By Cady Inabinett, Editor in chief
Half the fun of Halloween is thinking about the things that make chills run up your spine: ghouls, goblins, spiders, vampires, things that go bump in the night… the impending feeling of doom and dread prompted by your senior year of college?
One of those things is not like the other. One of them is much, much scarier. And I am, assuredly, not having fun thinking about it.
After getting through a hectic midterms week, I was hit with a sudden realization: I’m now more than a quarter of the way through my last year of college. That realization terrified me more than just about anything else could. Life as I know it is terrifyingly close to ending.

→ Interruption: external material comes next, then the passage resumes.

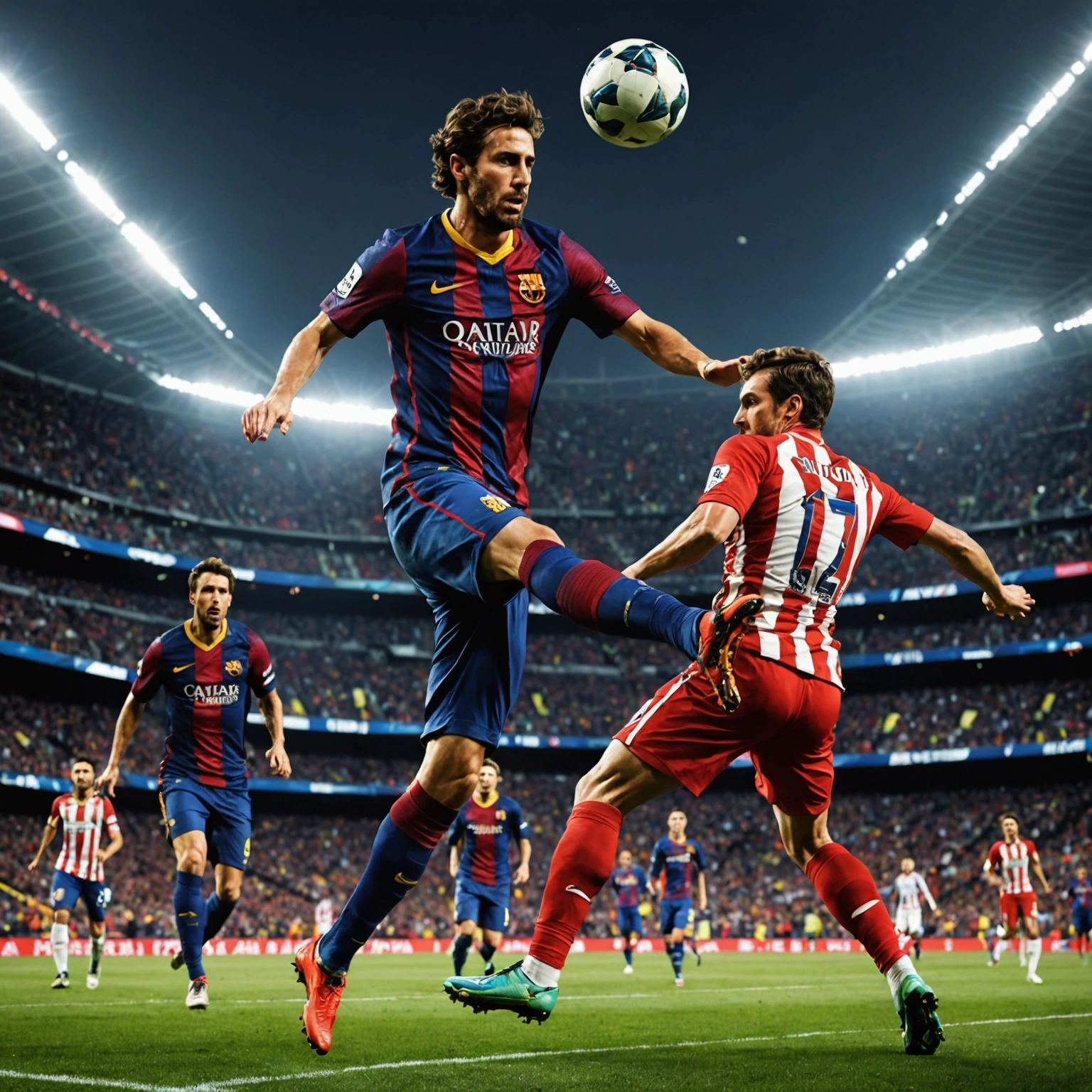 Оборона Флика слишком уязвима — разогнавшийся Гризманн докажет на «Камп Ноу»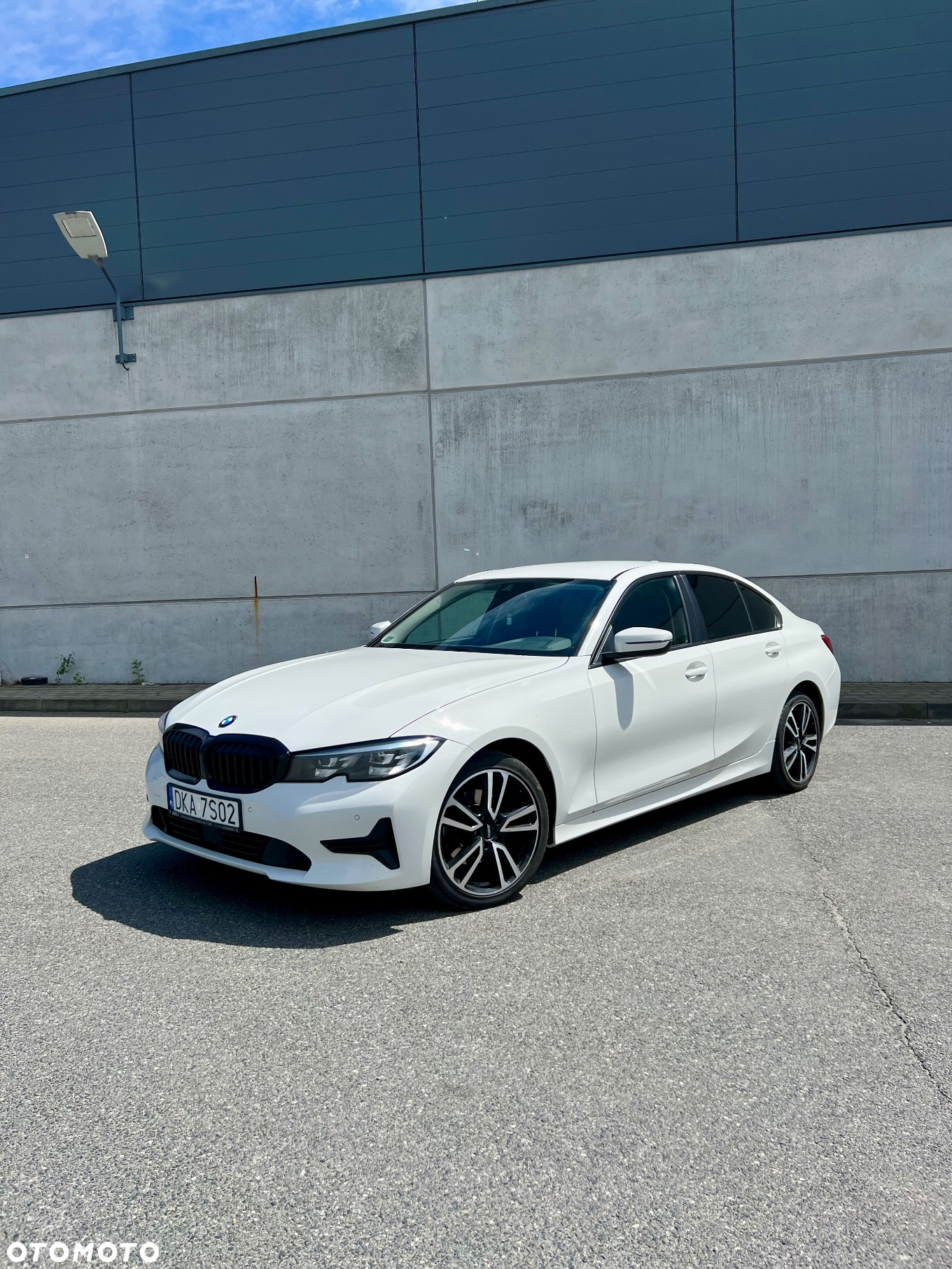BMW Seria 3 320d Advantage - 3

More than anything, this is an identity crisis of sorts. Sure, there are other worries and anxieties tied up in this—I mean, there’s the whole matter of seeking employment, ideally receiving a halfway decent paycheck and figuring out how graduate school is going to fit into the mix—but at the core lies one question: who am I?
Just like, presumably, many of you reading this, I’ve been a student practically my whole life. On top of that, I have always, more or less, loved school and being a student. Even before I started school, I loved school. When I complain about schoolwork, my mom always loves to tell me an anecdote of how I cried on my fifth birthday because I had thought that meant I could start kindergarten that same day. She tells me this, not as a way to tell me to stop complaining, but as a reminder of how much I have always loved to learn. A reminder that I’m lucky to have chances to keep furthering my education and doing what I love.
That being said, my devotion to school has been a bit of a double-edged sword. I’ve not had much of a life outside of being a student and I don’t really know who I am without the structure of going to and participating in school. So, when I graduate in May, where does that leave me?
Sometimes it feels like I have the opposite of senioritis. I hear others talking about how ready they are to graduate, to be finished with school, and I can relate to some degree. Being a student can be very stressful a lot of the time, and I’m as ready to be rid of that stress as anyone else. But, mostly, I can’t help but feel a deep, growing dread in the pit of my stomach, accompanied by a strong feeling of apprehension. Everyone else seems happy and excited, so why can’t I be? What’s wrong with me?
It really does feel like, in a way, my life is ending. But does that necessarily have to be a bad thing?
Lately, perhaps as a result of this ongoing crisis, I have been trying to reframe my thinking about endings. What I’m about to write is very cheesy and is in no way groundbreaking, but I’ve come to the realization that an ending is just a new beginning.
I mean, yes, life as I’ve known it is going to be over, but I’m not actually dying. I’m 21 years old, I still have my whole life ahead of me, it’s barely even begun. To act as if my life is going to end the moment I graduate is, admittedly, a bit overdramatic. Of course, I don’t have to know who I am now. I have my whole life to keep figuring that out.
This shift in thinking is applicable to my anxieties about so many of my post-graduation worries. A lot of my anxiety about graduating, identity crisis aside, stems from the fact that I still don’t really know what I want to do post-graduation. Don’t get me wrong, I have ideas of what I want to do, but that’s the problem. I have too many ideas. I feel like I did the opposite of what you’re supposed to do during college: I came in with one idea of what I wanted to do after I graduated, and I came out with at least five more. Fantastic.
But the other day, when I was in a particularly good mood and felt a bit more in love with the world than usual, I realized that I had been thinking about this in an unhelpful way, too. Instead of being paralyzed by choice, I should be excited about my potential. My life isn’t ending, it’s just starting really. And, there are so many new and exciting opportunities I can explore in the future, Isn’t that wonderful?
Ultimately, I’m still afraid of graduating. It’s not exactly something I’m looking forward to—something I want to spend my time thinking and daydreaming about. But, at the same time, I know that graduating won’t kill me, Well, probably won’t kill me, at least.
If you’re reading this and you feel similarly, I wish I had better—or, really, any—advice to give you. I suppose the best I can offer is a reminder that you are not alone in your feelings and fears. I know it’s difficult to feel scared about something that you feel like you should be happy about. But, remember, fear and excitement are not mutually exclusive emotions and experiences. In fact, I think that the most exciting, wonderful things in life are often the scariest as well. Embrace this moment. Feel your feelings. You’ll make it through, you’re not dead yet.
Cady Inabinett is the editor in chief of The Alabamian. She’s majoring in English and double-minoring in political science and peace and justice studies. She enjoys reading, watching movies, caring for houseplants and generally just being pretentious in her free time.